Fifield was solictied at the same time as Shaw - was cancelled at the same time as her, too! But because NECA never, ever gives up, they hauled those prototypes out and released them to coincide with Alient: Covenant, meaning we finally get Mr. Dirty, here. Below the neck, he uses the same molds as David 8, just painted in darker, dirtier colors - after all, he has fallen face-first into the black goo by this point, so there's no reason his suit would still be looking pristine. The sculpt is just as good today as it was five years ago, with heavy protective plating over the flexible suit beneath - it's just been given a heavy wash to make it look filthy.

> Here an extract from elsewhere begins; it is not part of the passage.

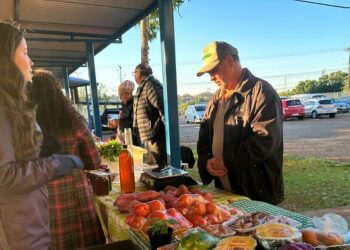Na feira, população pode encontrar, entre outros produtos, hortifrutis agroecológicos e orgânicos. Foto: Michele Dacas (SECOM-UNILA).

The original plan for Fifield's mutated form would have been very xenomorph-y, with a translucent dome head, spindly limbs, and dorsal tubes poking out of his back. But then Ridley Scott wanted to pretend Prometheus "wasn't" connected to Alien, wink-wink, so the finished CGI was scrapped and instead we got (Mission Impossible villain) Sean Harris in heavy prosthetic makeup. His head is weird and lumpy, his skin is a pitted mess with a deep crack running down the forehead, and his teeth look like they're trying to escape from his mouth. It's definitely gross and inhuman, and the sculpt captures the movie makeup wonderfully, but the other design would have been superior in every regard.

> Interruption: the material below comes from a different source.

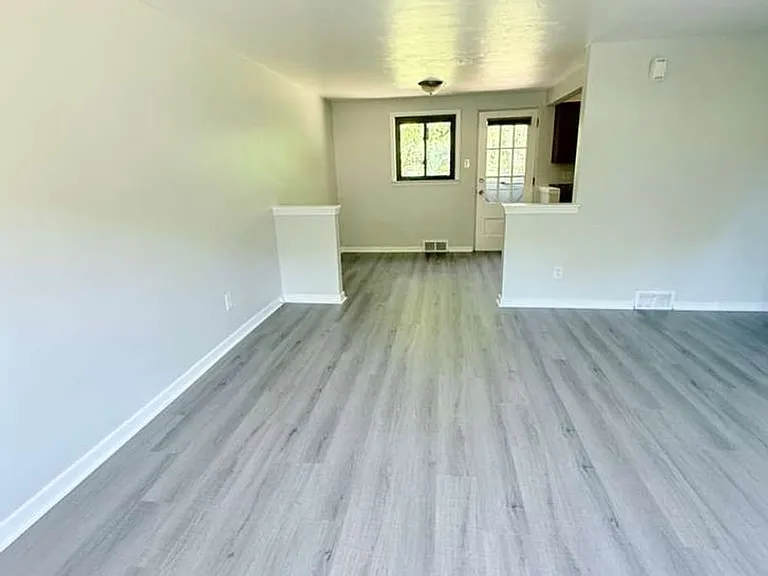 224 Jacob Dr — Photo 5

It also would have meant NECA needed to create an entirely new body for him, which was definitely out of the budget for this line. Heck, they couldn't even spring to change his articulation! Remember, the original Prometheus figures came out in that span when NECA had apparently forgotten how to make proper swivel/hinge elbow joints, so this body's forearms are as useless as the Planet of the Apes figures'. Fifield severely needs increased articulation, so you could get him into inhuman poses, like when he first comes back to the ship and is all twisted up in a pile.

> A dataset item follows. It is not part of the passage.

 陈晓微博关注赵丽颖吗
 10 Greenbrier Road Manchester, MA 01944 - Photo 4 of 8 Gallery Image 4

At least he gets a new helmet. Since the crew's suits were airtight, Fifield would have been fine faceplanting in the goo, if the front of his helmet hadn't first been dissolved by Hammerpede blood. But it was, so he wasn't. The helmet included with this figure is missing its front panel, and instead of being clear, it's painted with the same kind of schmutz as the rest of the suit. It's pretty difficult to get the piece on over his weird head - the trick is to tip his chin down, slide the helmet over the back of his cranium, then wiggle it down onto the collar. And be aware that you might scrape some paint off his beard. He also includes the tiny shoulder-mounted camera and the same handheld flashlight thing as David, because... inertia? Neither of them are necessary inclusions, and even if it wouldn't have been completely accurate, we'd have rather gotten an alternate "deleted scene" head.

I never saw Fifield at my local Toys Я Us, because whoever was in charge of stocking the NECA products there was either forgetful, lazy, or just plain ol' bad at their job. But when I was on my grand farewell tour, he finally made an appearance, and I was glad to be able to pick him up - even if he's not as good a toy as he could have been.